Movie Review: Sometimes Aunt Martha Does Dreadful Things

Review By: James DePaolo

1971 was a weird time in film, you had so many studios just putting out films at a rapid rate that if you blinked you missed at least four new films. For better or worst this film sort of hid under the cracks until just recently when they re-released it. This film centers around two criminals who decide to hang low in a small town in Florida. Which if you know Florida, there are a million places to hang low in. Paul and Stanley, (Maybe that is where we got the name for the Kiss vocalist) hatch this idiotic plan for Paul to pretend to be Stanley’s Aunt Martha. The whole while it seems that a local woman takes a liking to Stanley and invites him to go out with her and the friends. Paul on the other hand seems to be the brains and in his disillusionment decides that the only way they can maintain their cover is by murdering people that the paranoia would have them believe are catching on to them.

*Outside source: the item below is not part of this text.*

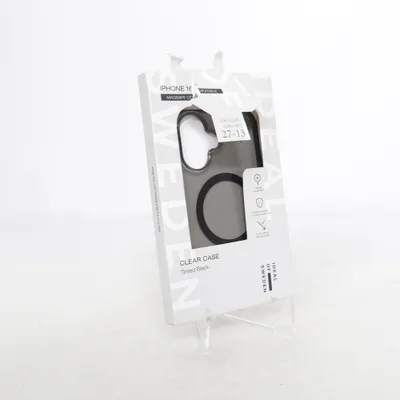 Mobilskal (Clear Case) från iDeal of Sweden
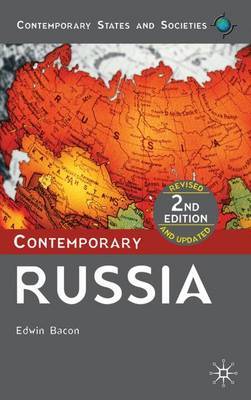 Contemporary Russia image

This film covers sexual confusion, dysfunction and sleaze fairly well in its oddness. Paul as we learn is a homosexual and Stanley is a teenage lover of his that really comes across as a generation clash of sorts. You have the restless youth who does what all teens do, and the older man who is possessive to the point of over controlling. We watch as one starts to blossom on the world outside of them and the other becomes desperate. This film has some scenes that are set up for shock value and at times works decently.

I really felt the pacing of this film was really odd, and that the acting as good as it was really benefited from a film that you really can sit back and not know what will happen one scene to the other. The negatives about this film are that it really does not seem to know how to keep things flowing and watchable for the viewer. I am not saying this film is horrible but at times this film really just seems to not know what to do next. I liked that this film really felt to be on the verge of what was coming out of the early 70’s in terms of the freedoms behind the camera, but I feel that this film can be seen as a bad excuse at times and at others a funny laugh at where this society has evolved from.